My nineteen year-old daughter and I popped in to London’s V&A last week to see Winnie-the-Pooh: Exploring a Classic. We’re both lifelong admirers of the famous bear and his friends, and have spent many happy hours exploring Ashdown Forest (for more on Ashdown Forest, read my post How to visit the places in the Winnie-the-Pooh books), and we were really looking forward to seeing the exhibition together while she was home from University for the holidays.

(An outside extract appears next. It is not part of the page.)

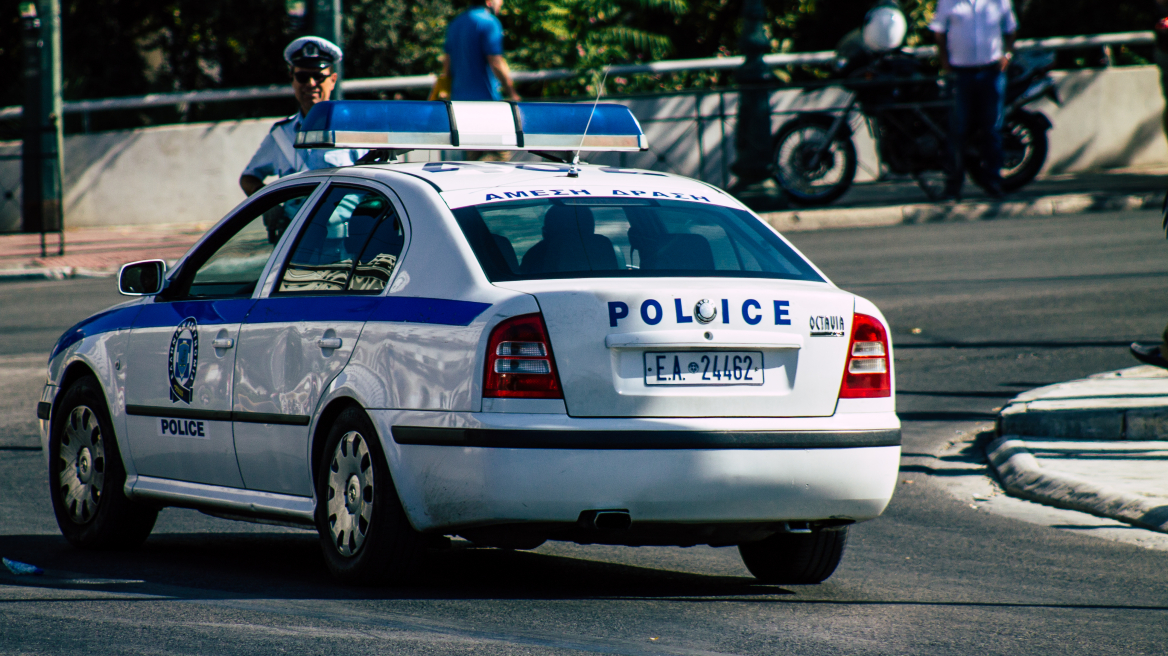 Μαχαιρωμένος άνδρας μπήκε σε κατάστημα και ζητούσε βοήθεια στο κέντρο της Αθήνας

Winnie-the-Pooh: Exploring a Classic
The Winnie-the-Pooh stories were a huge success on first publication in the 1920s, and their popularity continues across the world to this day. Inspired by author A. A. Milne’s son Christopher Robin’s imaginative play with his soft toys, Milne and illustrator E. H. Shepard cleverly created timeless and engaging tales with universal appeal.
The exhibition is designed with both children and adults in mind. Throughout the displays there are interactive exhibits which young visitors will enjoy, such as stairs to climb halfway up, a Pooh-sticks bridge to cross and some Christopher Robin dressing up clothes to try on. There’s an area with a slide, and a long, low table and chairs where children can sit and draw.
Around the walls there are fascinating exhibits to examine, including original illustrations, manuscripts, letters and photos which show how the books were created and the inspiration behind them. Words and images from the stories appear throughout, so that you almost feel as if you’re in Pooh’s imaginary world.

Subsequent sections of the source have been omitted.